But it says even more about Mr. Smith’s ambition to become an international player. “It’s been said, ‘Why sell something to 10 people when you can sell it to 10 million people?’ ” said Mr. Smith late one afternoon in an interview in Overbrook’s offices in Beverly Hills. “You have to have a global perspective.”

Early on, Mr. Smith, 37, sought an international career. Born and reared in Philadelphia, he got his start in the mid-1980’s rapping in local clubs as half of the rap duo DJ Jazzy Jeff and the Fresh Prince. Then the teenage rapper met Mr. Lassiter, who was attending Temple University and was a friend of Jazzy Jeff, whose real name is Jeffrey Townes.

One day Mr. Smith asked Mr. Lassiter, now 41, if he would allow a record company in New York to send a contract to Mr. Lassiter’s fax machine at his home. (This is how Mr. Lassiter got into show business: he owned the only fax machine among his neighborhood friends.) Mr. Lassiter reviewed the contract, and within weeks he was Mr. Smith’s road manager.
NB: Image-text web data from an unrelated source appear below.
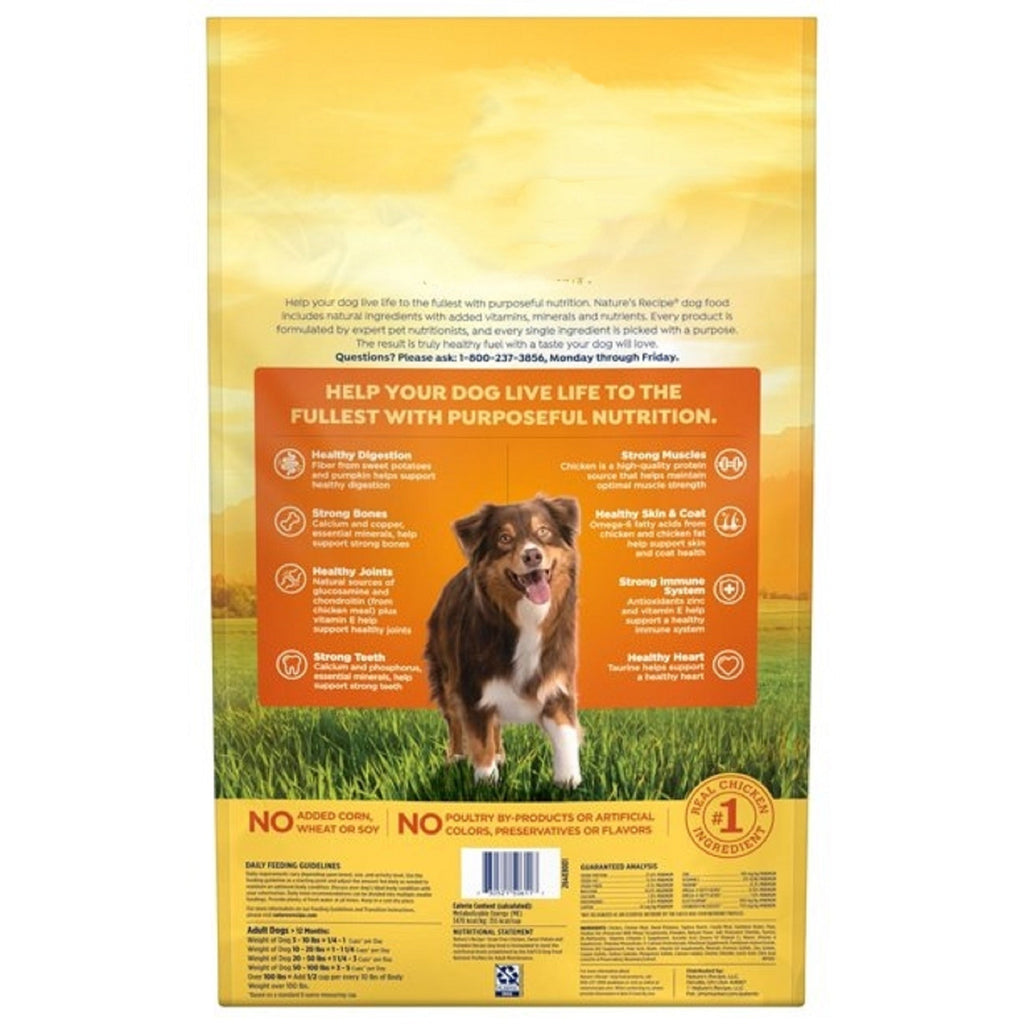 Dry Dog Food; Grain Free Chicken; Sweet Potato & Pumpkin Recipe; 24 lb. Bag - petspots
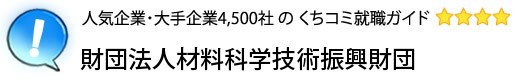 財団法人材料科学技術振興財団[MST]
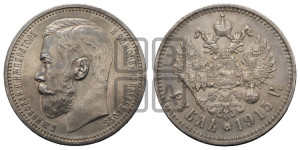 1 рубль 1915 года (ВС)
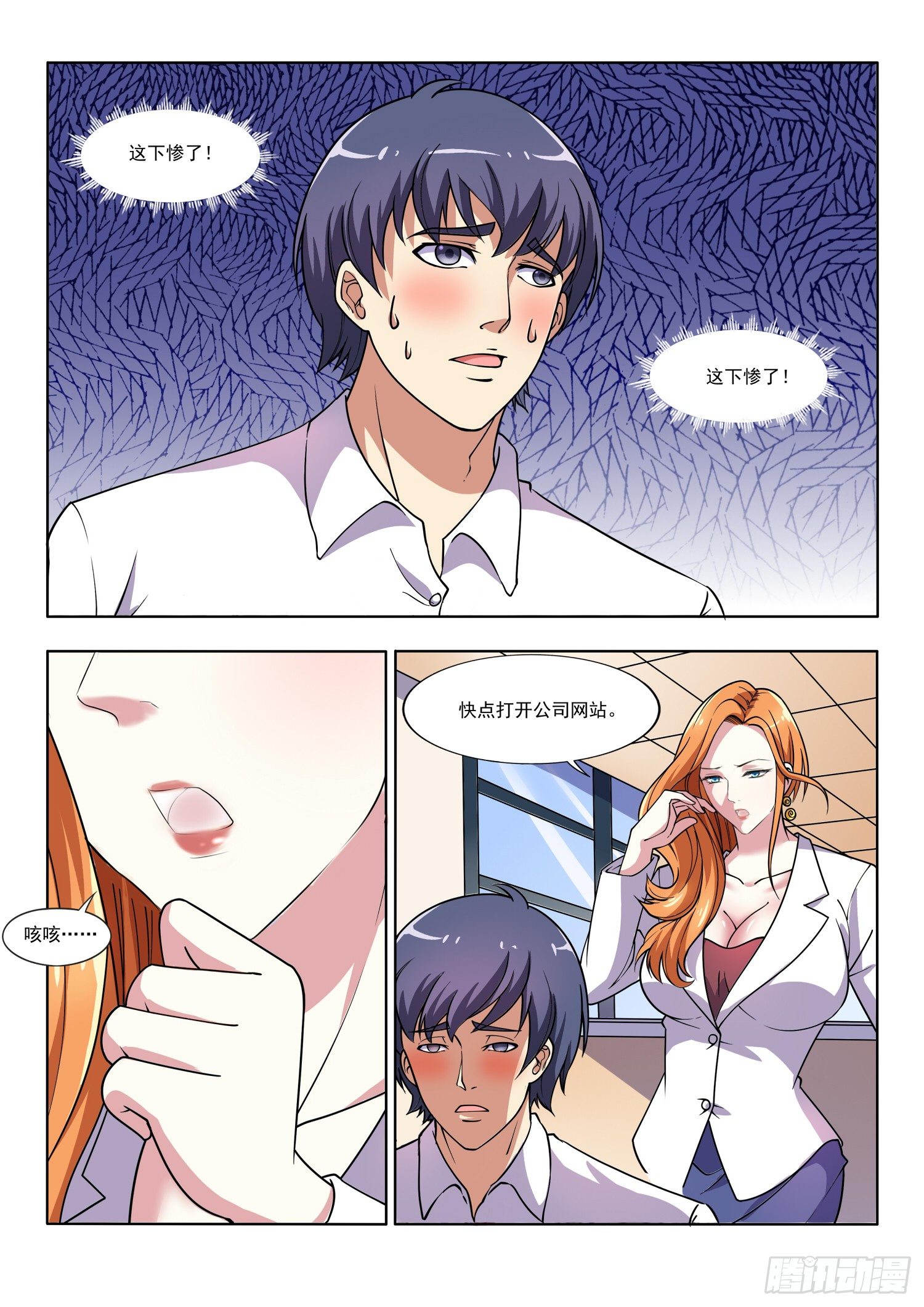 《我的极品美女总裁》2.不该看到的 第6页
“We saw beyond Philadelphia and had the opportunity to travel the world and have someone else pay for it,” said Mr. Lassiter. “At first it was selfish, but it turned into a business.”

While the two friends have guided Mr. Smith’s career together for nearly two decades, they are a study in contrasts. At an interview, Mr. Lassiter wore a plain white shirt and tan pants, while Mr. Smith was dapper in a lime-green corduroy jacket. Mr. Lassiter is reserved, where Mr. Smith greeted a stranger with a hug. And Mr. Lassiter balked at sitting on a pomegranate-colored couch for a photograph, saying it was too flashy.

“Come on,” countered Mr. Smith, smiling. “I like it. What do you guys think?” he said, addressing onlookers standing at the back of Overbrook’s conference room.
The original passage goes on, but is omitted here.